Ya había cruzado el puente cuando cayó en la cuenta de algo. No podía ir a la policía y darles su nombre. Si entraba en la comisaría y les decía que había descubierto a una banda de asesinos, no la dejarían volver a casa con Liam, la retendrían allí horas y horas. Si no se iba de Londres ahora no volvería nunca a casa, y el dinero de Douglas no duraría para siempre. Sabía qué lugar ocupaba aquí, junto a Elizabeth y los hombres de las aceras, asustada como ellos, deambulando por las calles, otra chica en busca de diversión que se rasca las costras detrás de las rodillas. Subió por Electric Avenue y siguió las vías del tren hasta Coldharbour Lane, en dirección a las cabinas de teléfonos que había delante del Ángel. Entró en un quiosco para comprarse una tarjeta de diez libras.
– Maureen -dijo Martha con tono de reproche-. Liam estaba muy preocupado. Se ha ido al aeropuerto. No llevaba tu número de busca encima y contaba con encontrarte allí.
– ¿A qué hora es el avión?
– A las siete y media. Será mejor que vayas para allí si quieres llegar a tiempo.
– Adiós, Martha -dijo Maureen, porque no podía darle las gracias como Dios manda, y colgó.
Hugh McAskill no estaba en su despacho. El hombre que cogió el teléfono lo buscó por la oficina. Al otro lado de la línea, Maureen oía las risas de unos hombres y gente que pasaba caminando, y veía cómo su saldo se reducía en dos libras y medias. El hombre volvió al despacho de Hugh; Maureen lo oía resoplar y hablar con alguien junto al teléfono. Tardó veinte peniques en volver a coger el teléfono.
– Siento el retraso -dijo-. Hoy ya no va a volver. ¿Puedo ayudarla?
– Bueno -dijo Maureen, hablando deprisa, acabo de tomar una copa con alguien que me ha confesado que presenció un asesinato y no sé qué hacer.
– ¿Dónde está?
– En Londres.
– ¿El asesinato sucedió en Londres?
– Sí.
– Entonces -el hombre parecía totalmente desinteresado-, ha llamado a la división equivocada. ¿Ha llamado al Departamento de Crímenes, o a la policía de Londres?

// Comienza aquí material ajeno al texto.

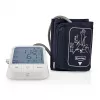 kraujospūdžio matuoklis „Nedis SmartLife“ BTHBP10WT LCD 22–42 cm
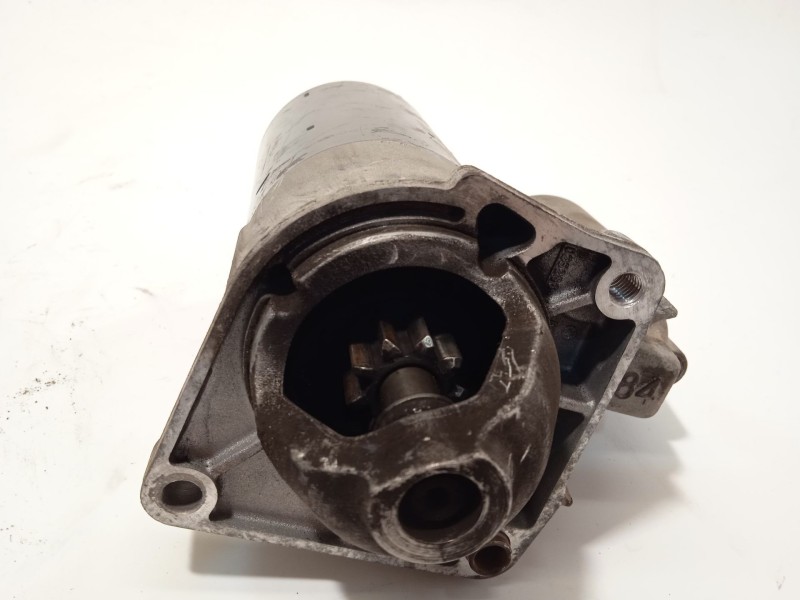 Recambio de motor arranque para ford ka (ru8) 1.2 referencia OEM IAM 51873926  0001137012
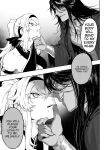 Battle Maiden and Battle Goto! ~Female martial artist edition~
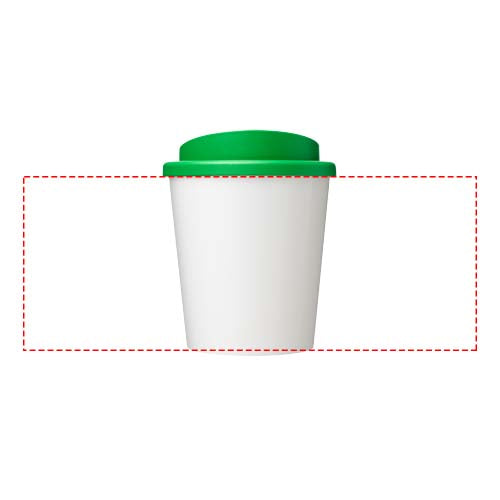 Brite-Americano Espresso Eco 250 ml isolerad termos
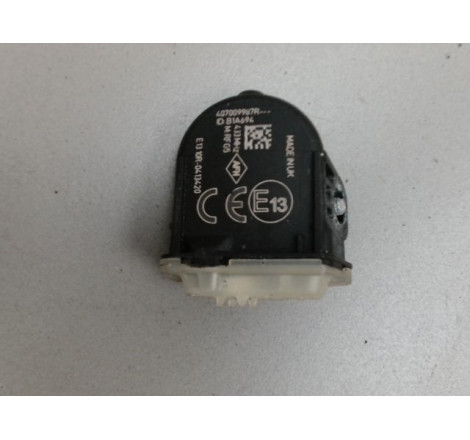 CAPTEUR DE VALVE 2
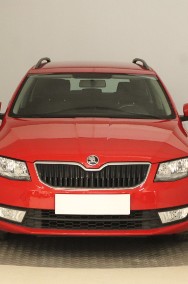 Skoda Octavia III , Salon Polska, Klima, Parktronic,ALU-2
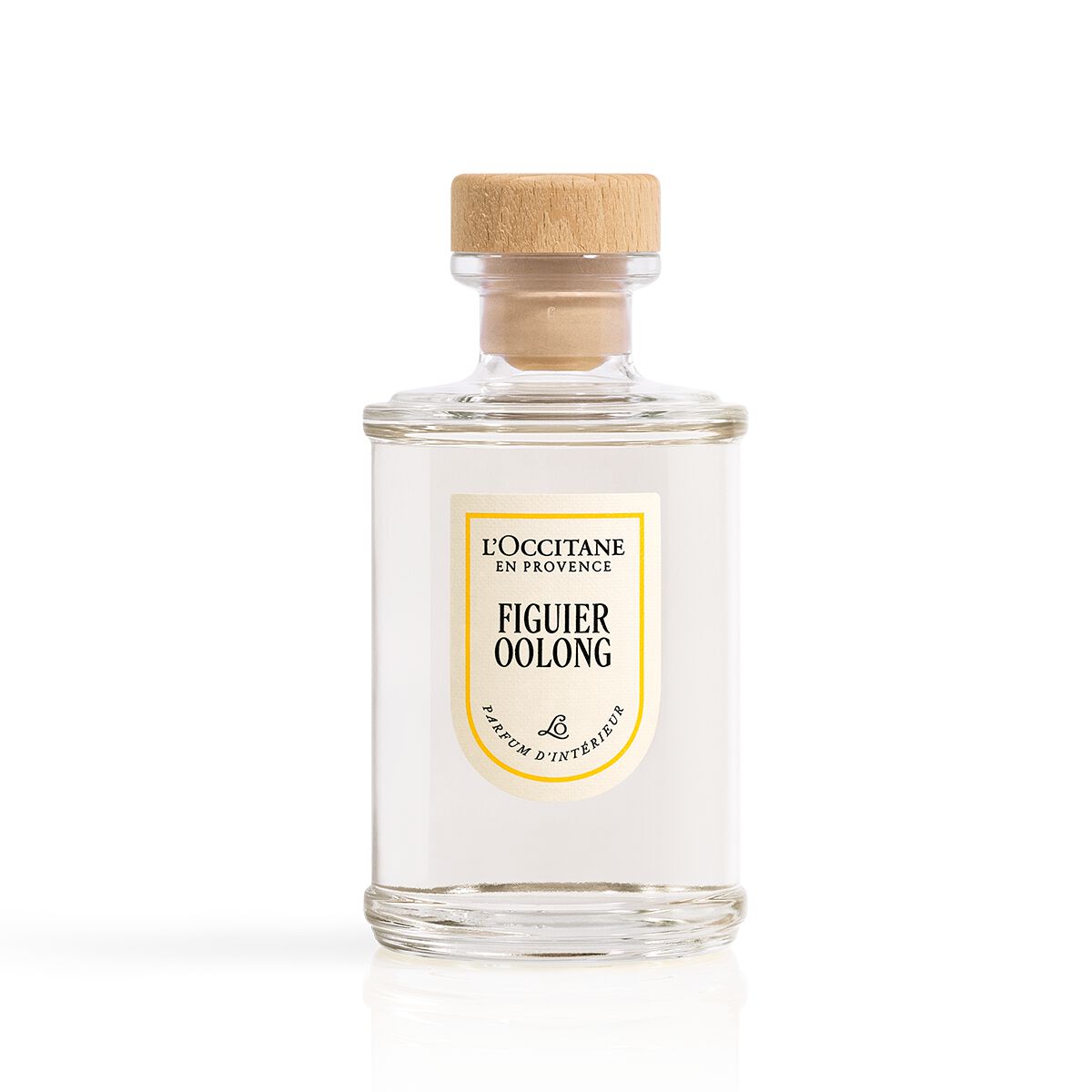Diffuseur de parfum d'intérieur Figuier Oolon - L'Occitane en Provence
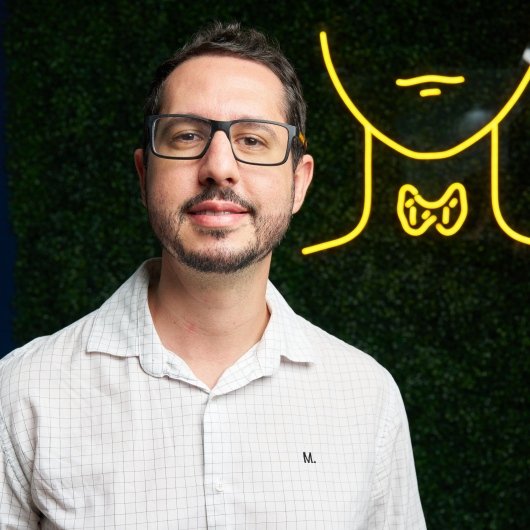 Dr. Leandro Ortega Brandão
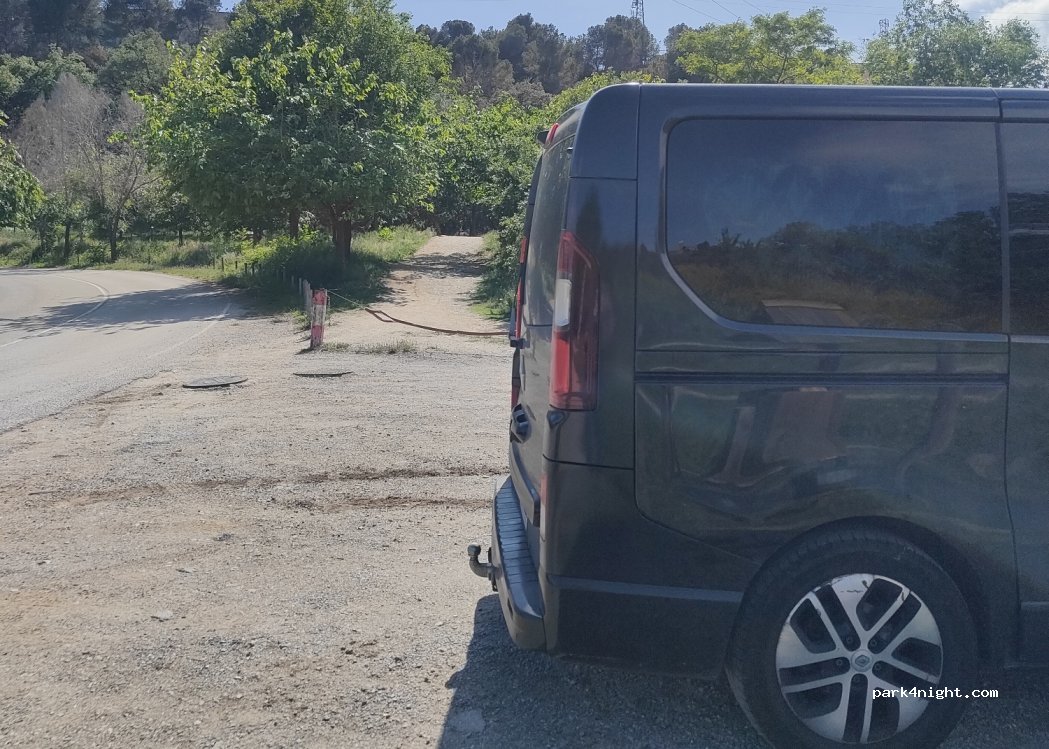 (08210) Barberà del Vallès - 16 Carrer de la Circumval·lació — foto 2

– De acuerdo, ahora lo haré -dijo Maureen, sorprendida por su caballerosa falta de interés-. Gracias, de todos modos.
– De nada, adiós -dijo él, y colgó.
Llamó a información para pedir el número y luego llamó a New Scotland Yard. Le dijo a la telefonista que tenía información sobre el asesinato de Ann Harris y la pusieron en una línea de espera. Una voz de pito le dijo que estaba a la espera de que algún aparato quedase desocupado y que su llamada sería atendida en la mayor brevedad posible. No contestaba nadie. La voz volvió a decir lo mismo unas cuantas veces, tantas como una libra y media de su saldo, y cada vez daba paso a la señal del teléfono. Cuando, al final, cogieron el teléfono, un hombre muy amable le pidió su nombre y su dirección. Maureen no quería involucrarse, sólo quería darles la información e irse al aeropuerto a encontrarse con Liam.